En premier lieu, dans les tractations relatives à l’installation du « bouclier anti-missiles » américain en Europe orientale 2. Et aussi, et surtout, en raison du veto mis par Vladimir Poutine - en principe de nouveau au Kremlin d’ici quelques semaines - à toute intervention étrangère contre le régime laïc syrien. En l’occurrence, Russie et Chine sont décidées à camper sur leurs positions et à refuser à la « Communauté internationale » leur feu vert au Conseil de sécurité en vue d’une action armée contre Damas ; celle-ci orchestrée par Mme Clinton et interprétée par la « Bande des Quatre », France, R-U, Allemagne et Turquie… Cette dernière jouant double partition : néo-ottomane avec les Palestiniens qu’Ankara cajole et avec les nouveaux pouvoirs islamistes du Maghreb ; euratlantique avec l’Otan, malgré ses fâcheries avec l’Élysée à propos de lois scélérates électoralement rentables auprès des communautés arméniennes et israélites, et sa brouille avec Tel-Aviv pour des questions de préséances et d’excuses refusées.

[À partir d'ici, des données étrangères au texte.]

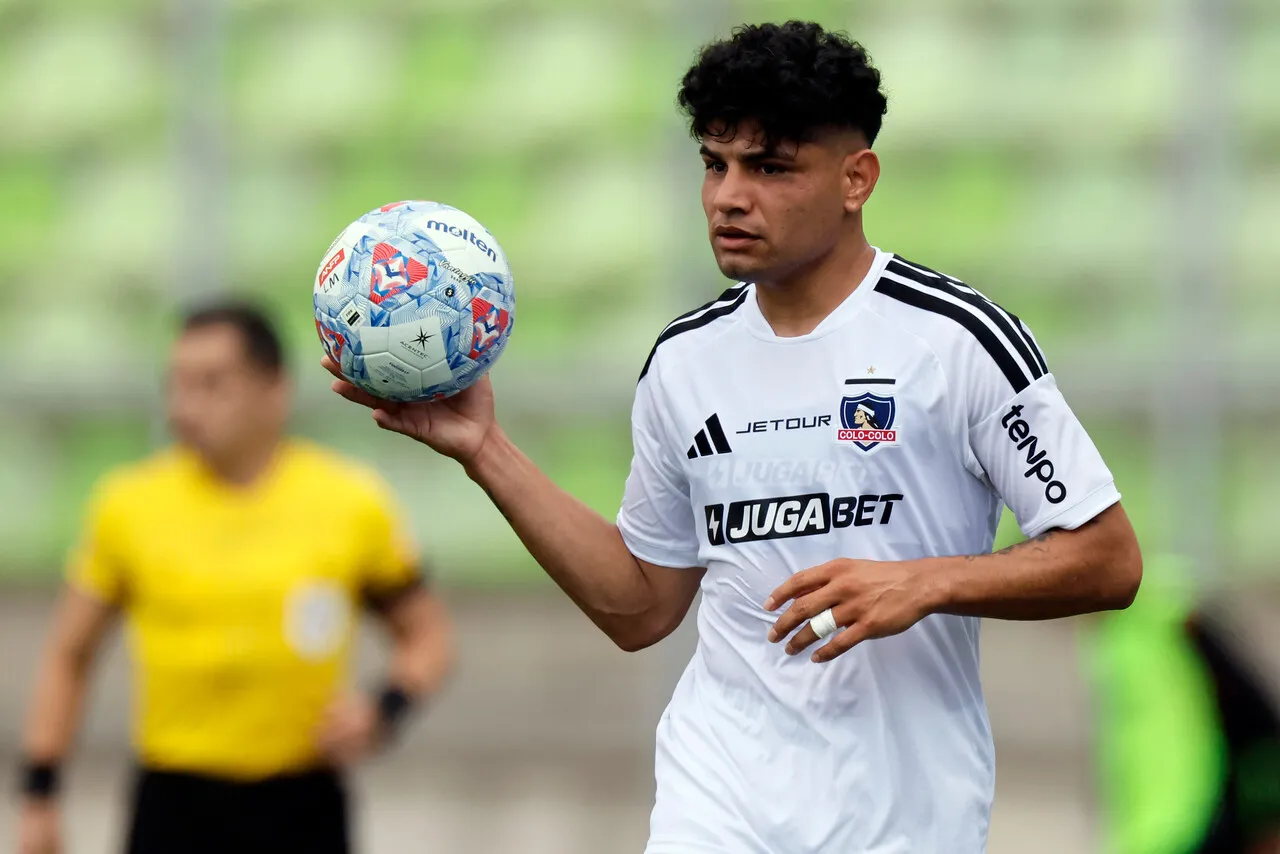 Aquino vuelve al equipo titular en Colo Colo | Foto: Photosport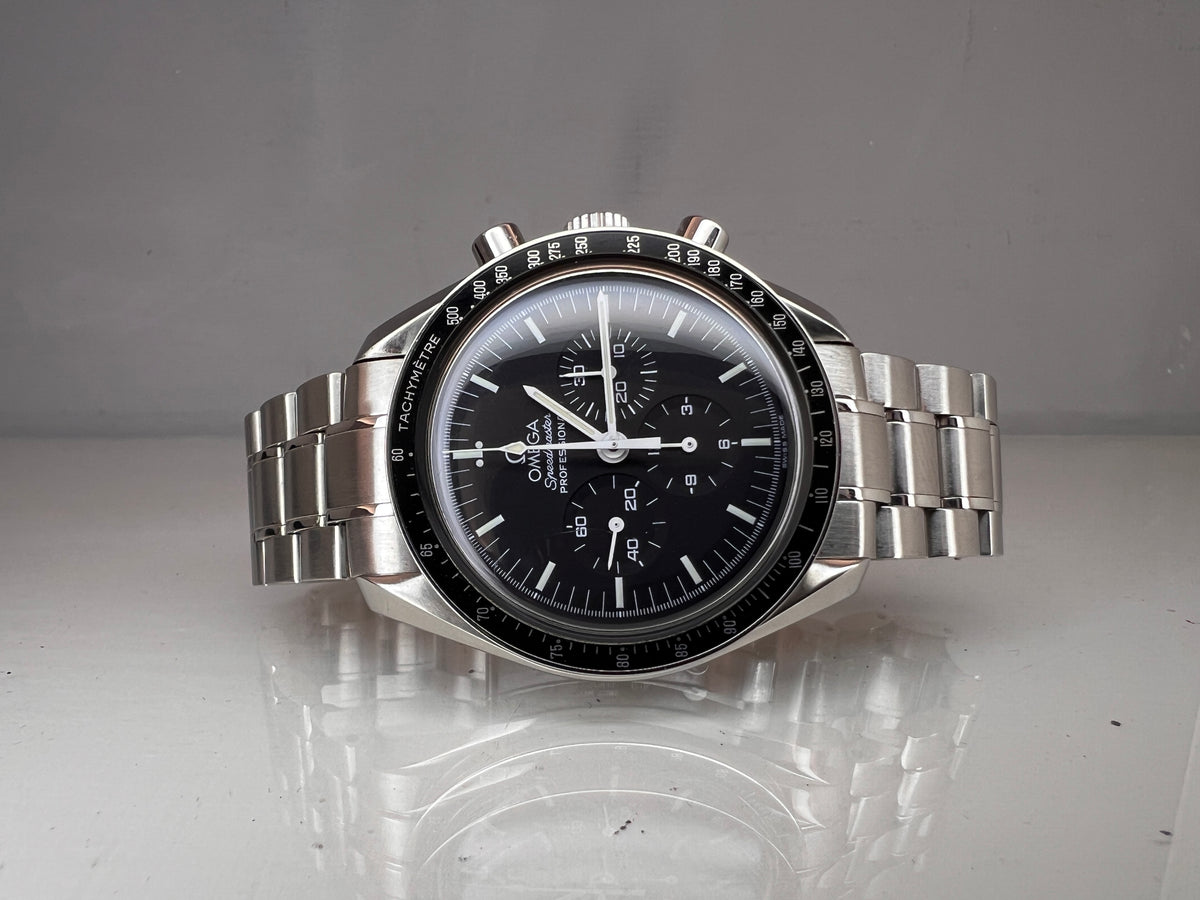 Omega Speedmaster Moonwatch 35705000
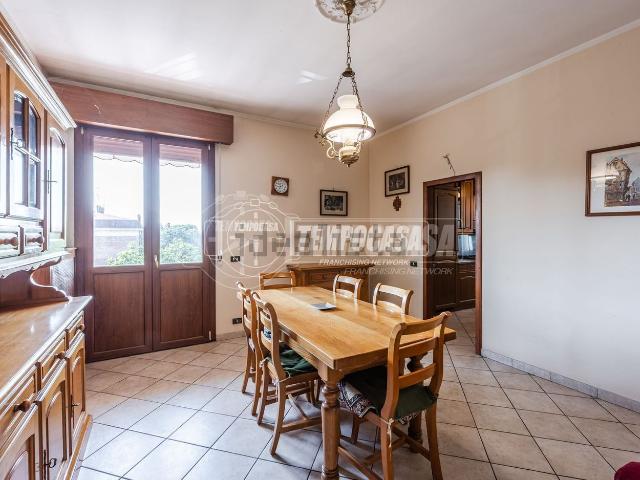 Appartamento in vendita di 187 m² in Via Giuseppe Ungaretti, 211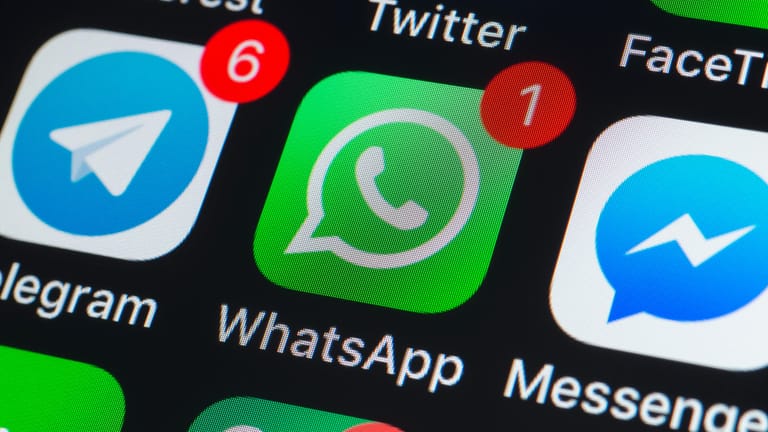 Whatsapp, Messenger, Telegram: Ermittler wollen die über die Messenger verschickten Nachrichten mitlesen, können es aber nicht.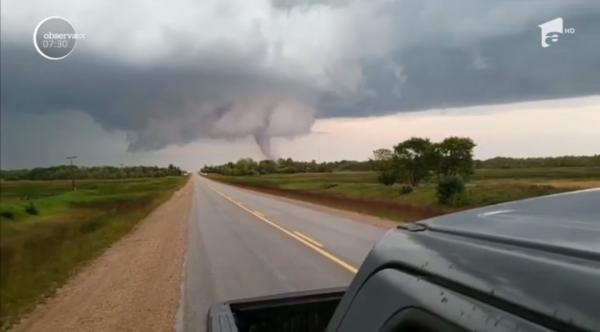 Fenomen meteo extrem în Canada. O tornadă devastatoare a făcut prăpăd în vestul statului Ontario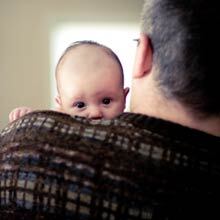 220-grey-hair-dad-baby-peeking-over-shoulder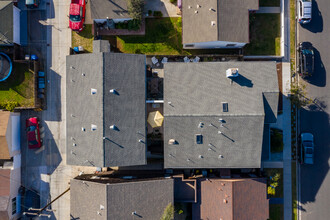 218 14th St in Seal Beach, CA - Building Photo - Building Photo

Les Français sont donc « mal-partis » pour se désengager du guêpier afghan dans les meilleurs délais et dans des conditions optimales, même si pour l’heure Kaboul ne paraît pas devoir se transformer - ce qu’à Dieu ne plaise - en « piège infernal » façon Diên Biên Phu… Cela malgré les hommes qui tombent régulièrement mais sûrement : 82 en tout depuis le 6 décembre 2001 et le premier déploiement de 220 combattants à Marzar-e-Sharif… les trois premiers morts attendront 2004 avec le début du soulèvement contre l’occupant à la suite de la rébellion irakienne.

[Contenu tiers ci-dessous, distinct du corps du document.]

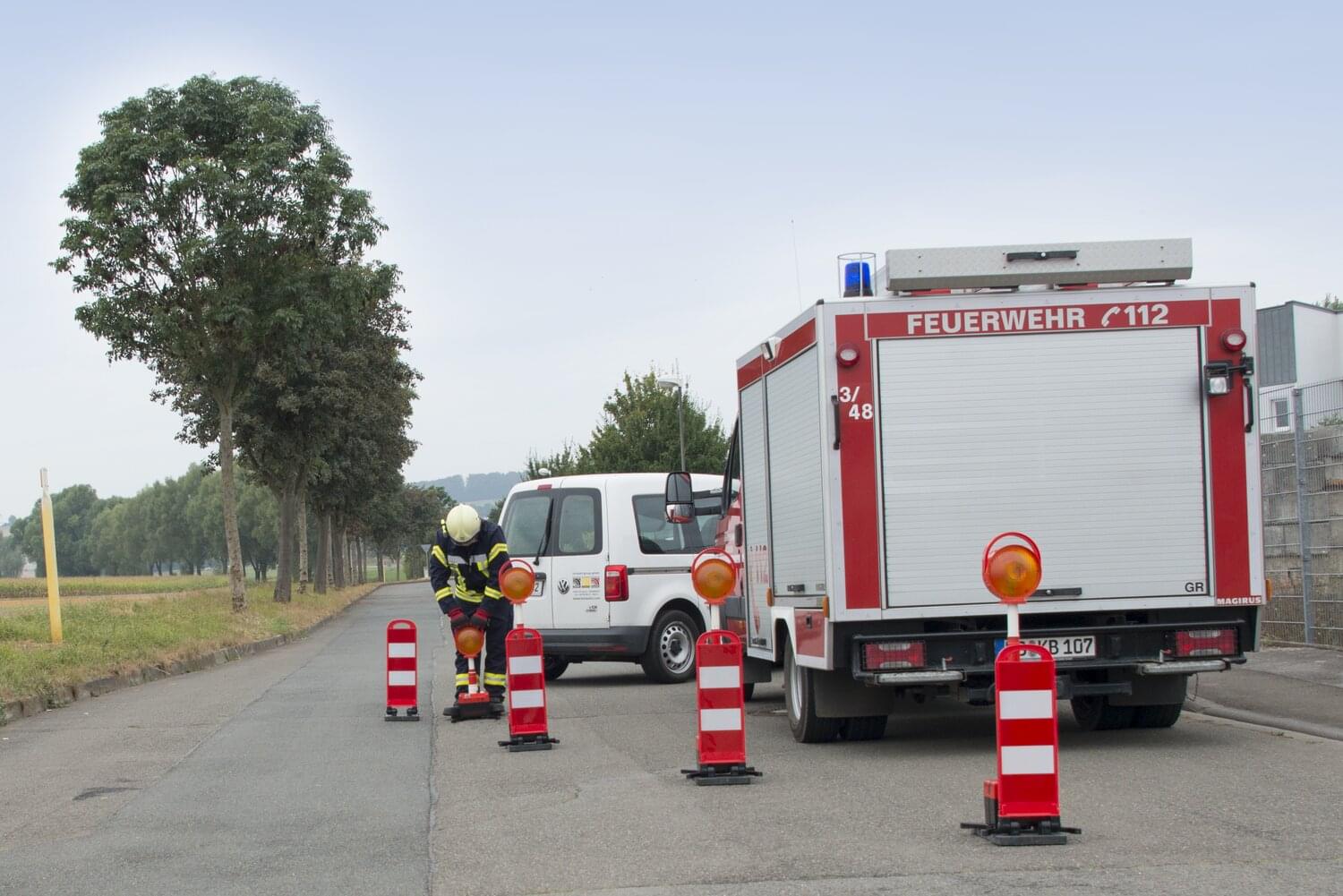 TeleBlitz LED Akku – Zweiseitige Blitzleuchte mit Teleskopstange - Bild 1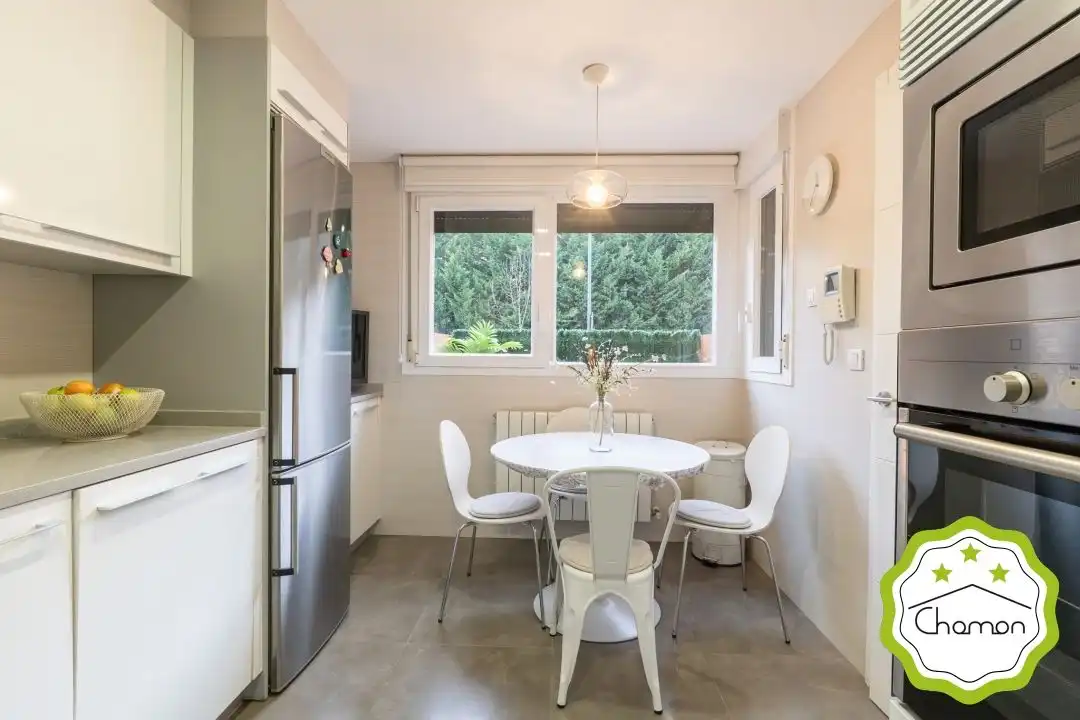 Cocina de Casa adosada en venta en Bilbao  con Calefacción, Jardín privado y Terraza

Reste que la presse hexagonale, toujours aussi « objective », oublie de rappeler que quelques jours avant le tir groupé du « traître » afghan, une vidéo de 39 secondes 3 diffusée sur Youtube montrait des GI’s se soulageant sur des cadavres afghans… Du meilleur goût ! Car comme de bien entendu, qui songerait à établir un quelconque lien de causalité entre le spectacle peu ragoûtant de la soldatesque yankee et la morts des soldats professionnels « francaoui » ?
Un scandale donc survenant au moment où Washington s’efforce de négocier son retrait avec les chefs de la résistance pachtoune, autrement appelée « Taliban » pour les besoins de la cause… quand il s’agit de déshumaniser l’ennemi pour le détruire sans état d’âme, il faut en faire un diable repoussant, barbu et voilant ses femmes 4 n’est-ce pas ? Quoi de pire que les infâmes Taliban en sourde révolte contre le monde moderne (excepté le Coca-Cola) ?
La guerre qui n’existe pas vue de Paris plage
Le 25 janvier 2012 à Varces dans l’Isère, devant le 93e régiment d’artillerie de montagne auquel appartenaient les victimes, M. Sarkozy nous a livré le fond de sa pensée « l’ennemi aujourd’hui, c’est, une fois encore, le terrorisme qui prenant le visage de nos alliés, sous les dehors de l’armée régulière, a voulu frapper, à travers la France, l’idée même de liberté. Nous ne nous laisserons pas impressionner par cette barbarie, par cet obscurantisme d’un autre âge, qui doit nous renforcer dans notre détermination à œuvrer pour la paix ».
Sans décortiquer le propos assez fade, empreint d’un pathos factice, notons que M. Nagy-Bocsa, nous administre - et pas seulement aux militaires rassemblés et à leurs familles - une « piqûre de rappel » : l’ennemi, évidemment sans visage, est le « terrorisme, barbare, obscurantiste », venu du plus profond de l’âge des ténèbres et animé d’une haine viscérale à l’égard de la « Liberté » chérie 5.
Du même ordre discursif, dans son court éditorial du 24 janvier, le directeur de la rédaction de l’Express 6, Christophe Barbier enfile les perles comme d’autres collectionnent les papillons. Notre intention n’étant pas d’épingler le papillon Barbier - ni pire ni meilleur que la plupart de ses confères de la gentocratie médiatique - cela n’interdit pas de le commenter (et cela en vaut la peine) en raison de l’expression particulièrement emblématique de la cécité schizophrénique dont il fait preuve comme tout bon sujet de la « négapensée » dominante... Mais nos sociétés ne sont-elles pas atteintes presque universellement de pathologies mentales lourdes ?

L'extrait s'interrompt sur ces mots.